Create an Azure Table Storage to track tasks

Parameters:id (str) – the id of the cluster
list_task_table_entries(id)[source]

list tasks in a storage table

Parameters:id (str) – the id of the cluster
Returns:a list of models representing all entries in the Task table
Return type:[aztk.models.Task]
get_task_from_table(id, task_id)[source]

Create a storage table to track tasks

Parameters:id (str) – the id of the cluster
Returns:the task with id task_id from the cluster’s storage table
Return type:[aztk.models.Task]
insert_task_into_task_table(id, task)[source]

Insert a task into the table

Parameters:id (str) – the id of the cluster
Returns:a model representing an entry in the Task table
Return type:aztk.models.Task
update_task_in_task_table(id, task)[source]

Update a task in the table

Parameters:id (str) – the id of the cluster
Returns:a model representing an entry in the Task table
Return type:aztk.models.Task
delete_task_table(id)[source]

Delete the table that tracks tasks

Parameters:id (str) – the id of the cluster
Returns:if True, the deletion was successful
Return type:bool
list_tasks(id)[source]

list tasks in a storage table

Parameters:id (str) – the id of the cluster
Returns:a list of models representing all entries in the Task table
Return type:[aztk.models.Task]
get_recent_job(id)[source]

Get the most recently run job in an Azure Batch job schedule

Parameters:id (str) – the id of the job schedule
Returns:the most recently run job on the job schedule
Return type:[azure.batch.models.Job]
get_task_state(id: str, task_name: str)[source]

Get the status of a submitted task

Parameters:
  • id (str) – the name of the cluster the task was submitted to
  • task_name (str) – the name of the task to get
Returns:

the status state of the task

Return type:

str

list_batch_tasks(id: str)[source]

Get the status of a submitted task

Parameters:id (str) – the name of the cluster the task was submitted to
Returns:list of aztk tasks
Return type:[aztk.models.Task]
get_batch_task(id: str, task_id: str)[source]

Get the status of a submitted task

Parameters:
  • id (str) – the name of the cluster the task was submitted to
  • task_id (str) – the name of the task to get
Returns:

aztk Task representing the Batch Task

Return type:

aztk.models.Task

class aztk.client.cluster.CoreClusterOperations(context)[source]

Bases: aztk.client.base.base_operations.BaseOperations

create(cluster_configuration: aztk.models.cluster_configuration.ClusterConfiguration, software_metadata_key: str, start_task, vm_image_model)[source]

Create a cluster.

Parameters:
  • cluster_configuration (aztk.models.ClusterConfiguration) – Configuration for the cluster to be created
  • software_metadata_key (str) – the key for the primary software that will be run on the cluster
  • start_task (azure.batch.models.StartTask) – Batch StartTask defintion to configure the Batch Pool
  • vm_image_model (azure.batch.models.VirtualMachineConfiguration) – Configuration of the virtual machine image and settings
Returns:

A Cluster object representing the state and configuration of the cluster.

Return type:

aztk.models.Cluster

get(id: str)[source]

Get the state and configuration of a cluster

Parameters:id (str) – the id of the cluster to get.
Returns:A Cluster object representing the state and configuration of the cluster.
Return type:aztk.models.Cluster
copy(id, source_path, destination_path=None, container_name=None, internal=False, get=False, timeout=None)[source]

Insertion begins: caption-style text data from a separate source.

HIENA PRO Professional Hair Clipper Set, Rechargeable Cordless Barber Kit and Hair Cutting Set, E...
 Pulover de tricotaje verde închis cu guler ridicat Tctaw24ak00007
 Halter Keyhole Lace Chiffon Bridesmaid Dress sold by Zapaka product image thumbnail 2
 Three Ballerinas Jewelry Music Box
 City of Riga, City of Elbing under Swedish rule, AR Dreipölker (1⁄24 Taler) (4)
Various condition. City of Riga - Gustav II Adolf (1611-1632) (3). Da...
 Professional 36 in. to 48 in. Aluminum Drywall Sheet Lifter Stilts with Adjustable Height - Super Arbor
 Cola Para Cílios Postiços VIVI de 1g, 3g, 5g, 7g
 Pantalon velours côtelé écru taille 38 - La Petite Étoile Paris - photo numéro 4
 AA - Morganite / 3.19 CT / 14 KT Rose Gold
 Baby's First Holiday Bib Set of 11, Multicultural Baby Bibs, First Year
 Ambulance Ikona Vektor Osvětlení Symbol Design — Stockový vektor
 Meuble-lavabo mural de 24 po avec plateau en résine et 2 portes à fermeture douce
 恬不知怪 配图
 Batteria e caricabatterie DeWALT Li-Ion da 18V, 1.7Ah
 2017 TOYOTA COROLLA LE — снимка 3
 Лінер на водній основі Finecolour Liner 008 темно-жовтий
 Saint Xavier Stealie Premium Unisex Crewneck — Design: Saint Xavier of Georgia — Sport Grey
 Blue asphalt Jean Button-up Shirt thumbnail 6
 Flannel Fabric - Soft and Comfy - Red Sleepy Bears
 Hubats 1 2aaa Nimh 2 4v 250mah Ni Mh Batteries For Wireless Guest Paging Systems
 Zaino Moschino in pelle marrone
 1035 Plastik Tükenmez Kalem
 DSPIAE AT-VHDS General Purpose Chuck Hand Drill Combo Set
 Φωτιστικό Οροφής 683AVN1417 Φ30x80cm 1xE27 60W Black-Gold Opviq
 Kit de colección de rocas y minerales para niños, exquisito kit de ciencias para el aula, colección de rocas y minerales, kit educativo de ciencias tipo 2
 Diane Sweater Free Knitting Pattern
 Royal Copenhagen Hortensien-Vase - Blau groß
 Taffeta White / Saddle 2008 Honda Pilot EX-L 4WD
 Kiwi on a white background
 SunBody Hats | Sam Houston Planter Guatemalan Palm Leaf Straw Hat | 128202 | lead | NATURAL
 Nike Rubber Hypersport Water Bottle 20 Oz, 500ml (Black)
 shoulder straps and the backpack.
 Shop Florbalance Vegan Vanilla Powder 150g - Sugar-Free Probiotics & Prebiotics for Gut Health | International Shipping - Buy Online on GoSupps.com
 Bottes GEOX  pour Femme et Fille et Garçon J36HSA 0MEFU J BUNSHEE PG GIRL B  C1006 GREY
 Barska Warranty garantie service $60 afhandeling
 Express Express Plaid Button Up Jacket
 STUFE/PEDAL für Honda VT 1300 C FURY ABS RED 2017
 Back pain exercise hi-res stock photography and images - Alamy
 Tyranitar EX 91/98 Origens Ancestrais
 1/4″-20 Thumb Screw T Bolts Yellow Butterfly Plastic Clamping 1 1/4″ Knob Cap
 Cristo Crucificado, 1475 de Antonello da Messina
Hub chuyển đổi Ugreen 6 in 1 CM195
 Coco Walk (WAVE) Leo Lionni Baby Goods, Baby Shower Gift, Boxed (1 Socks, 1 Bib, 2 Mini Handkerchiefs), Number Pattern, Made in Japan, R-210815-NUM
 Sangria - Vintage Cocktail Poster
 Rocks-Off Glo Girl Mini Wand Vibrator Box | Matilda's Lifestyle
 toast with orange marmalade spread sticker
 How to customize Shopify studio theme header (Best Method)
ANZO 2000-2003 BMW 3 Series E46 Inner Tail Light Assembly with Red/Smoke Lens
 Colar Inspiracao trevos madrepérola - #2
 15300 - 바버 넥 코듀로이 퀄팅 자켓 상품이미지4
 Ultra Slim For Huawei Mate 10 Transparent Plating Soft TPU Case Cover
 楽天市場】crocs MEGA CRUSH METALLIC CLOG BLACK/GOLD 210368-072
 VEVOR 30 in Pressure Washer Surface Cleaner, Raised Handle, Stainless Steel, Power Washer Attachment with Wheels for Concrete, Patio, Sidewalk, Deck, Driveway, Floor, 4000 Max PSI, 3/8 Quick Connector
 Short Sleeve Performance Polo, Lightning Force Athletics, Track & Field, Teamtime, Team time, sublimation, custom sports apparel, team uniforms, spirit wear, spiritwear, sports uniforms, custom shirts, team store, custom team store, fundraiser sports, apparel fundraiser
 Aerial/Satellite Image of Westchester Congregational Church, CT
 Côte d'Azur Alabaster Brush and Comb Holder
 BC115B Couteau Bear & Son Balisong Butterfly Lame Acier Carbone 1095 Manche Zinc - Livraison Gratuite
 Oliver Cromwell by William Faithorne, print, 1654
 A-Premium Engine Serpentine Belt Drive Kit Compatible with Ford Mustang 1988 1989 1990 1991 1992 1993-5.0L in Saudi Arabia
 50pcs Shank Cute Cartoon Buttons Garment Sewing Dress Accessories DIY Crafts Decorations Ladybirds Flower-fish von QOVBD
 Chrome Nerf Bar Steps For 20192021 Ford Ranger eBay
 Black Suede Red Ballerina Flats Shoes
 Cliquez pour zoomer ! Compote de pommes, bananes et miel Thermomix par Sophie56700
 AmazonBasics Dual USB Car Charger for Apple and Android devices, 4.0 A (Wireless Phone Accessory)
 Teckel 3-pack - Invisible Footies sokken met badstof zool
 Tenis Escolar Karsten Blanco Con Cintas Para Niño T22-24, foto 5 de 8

Copy files to or from every node in a cluster.

Parameters:
  • id (str) – the id of the cluster to copy files with.
  • source_path (str) – the path of the file to copy from.
  • destination_path (str, optional) – the local directory path where the output should be written. If None, a SpooledTemporaryFile will be returned in the NodeOutput object, else the file will be written to this path. Defaults to None.
  • container_name (str, optional) – the name of the container to copy to or from. If None, the copy operation will occur on the host VM, Defaults to None.
  • internal (bool, optional) – if True, this will connect to the node using its internal IP. Only use this if running within the same VNET as the cluster. Defaults to False.
  • get (bool, optional) – If True, the file are downloaded from every node in the cluster. Else, the file is copied from the client to the node. Defaults to False.
  • timeout (int, optional) – The timeout in seconds for establishing a connection to the node. Defaults to None.
Returns:

A list of NodeOutput objects representing the output of the copy command.

Return type:

List[aztk.models.NodeOutput]

delete(id: str, keep_logs: bool = False)[source]

Copy files to or from every node in a cluster.

Parameters:
  • id (str) – the id of the cluster to delete
  • keep_logs (bool) – If True, the logs related to this cluster in Azure Storage are not deleted. Defaults to False.
Returns:

A list of NodeOutput objects representing the output of the copy command.

Return type:

List[aztk.models.NodeOutput]

list(software_metadata_key)[source]

List clusters running the specified software.

Parameters:software_metadata_key (str) – the key of the primary softare running on the cluster. This filters out non-aztk clusters and aztk clusters running other software.
Returns:list of clusters running the software defined by software_metadata_key
Return type:List[aztk.models.Cluster]
wait(id, task_name)[source]

Wait until the task has completed

Parameters:
  • id (str) – the id of the job the task was submitted to
  • task_name (str) – the name of the task to wait for
Returns:

None

class aztk.client.job.CoreJobOperations(context)[source]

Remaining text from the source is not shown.